Ey (dudaklarımdan çıkan şu) feryat! Sevgilinin naz uykusunu dağıttın (ettiğin ah ve yalvarışla onu daldığı tatlı rüyâdan uyandırdın); bu yaptığın nedir? Onu uyandırıp da dünyayı o fettan gözlerin fitnesiyle bir harâbeye çevirip de ne kazanacaksın?
«Dil-i mecrûhuma rahmeyle, kalsın dâm-i zülfünde;
Şikeste-bâl olan mürgu edüp âzâd neylersin?»
Sevgilim, yaralı gönlüme acı da zülfünün tuzağında kalsın. Kırık kanatlı kuşu salıvermekten ne çıkar?
«Edersin gerçi her derde tabîbim bir devâ ammâ,
Cünûn-i ehl-i aşk olunca, mâder-zâd neylersin?»
Ey doktorum, gerçi her derde bir ilâç bulup onu iyileştirirsin; ama âşıkların çılgınlığı, anadan doğma olunca, ona ne yaparsın (nasıl iyileştirebilirsin)?
«Varup gîsû-yi yârı öyle birbirine kattın,
Yine bir fitne tahrîk eyledin ey bâd neylersin?»

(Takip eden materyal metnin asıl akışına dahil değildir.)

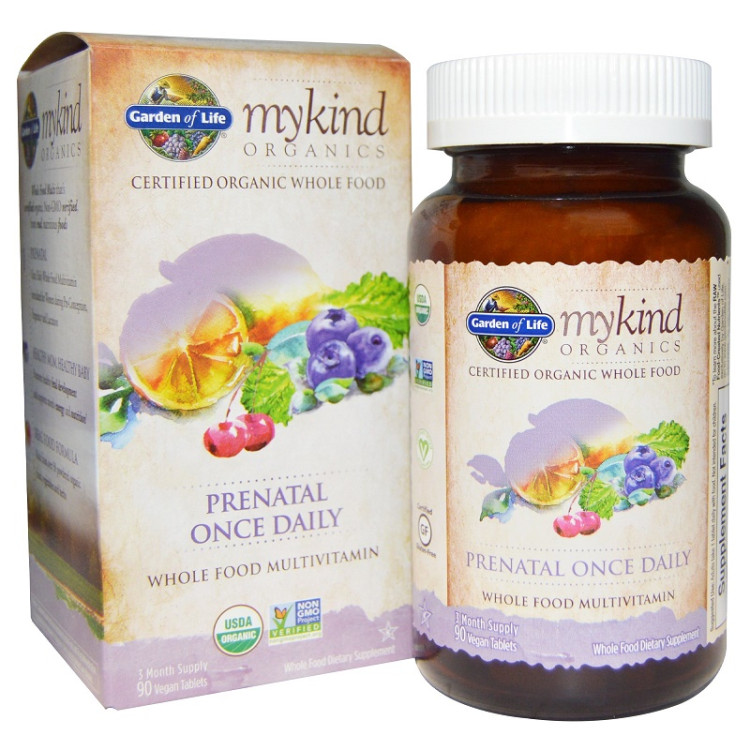 Garden of Life Mykind Prenatal Once Daily, 90 tabletter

Ey rüzgâr, gidip sevgilinin saçını öyle birbirine katıp dolaştırdın ki! Yine bir kargaşalık uyandırdın. Bu yaptığın nedir?
«Şehîd-i aşk-i tîğ-i yârdır sercümle-i âlem,
Urup şemşîre dest ey gamze-i cellâd neylersin?»
Herkes, sevgili(si)nin kılıcının aşk şehididir. Ey cana kıyan yan bakış! Bir de sen kılıca el atıp ne yapacaksın?
«Behâiveş değilsin, kâbil-i feyz-i safâ sen de;
Tekellüf bertaraf ey hâtır-i nâşâd neylersin?»
Ey tasalı gönül! Sen de Behâî gibi neşenin nimet ve saadetini anlayacak kâbiliyette değilsin. Samimi olarak konuşalım, söyle, bu hâlin ne olacak?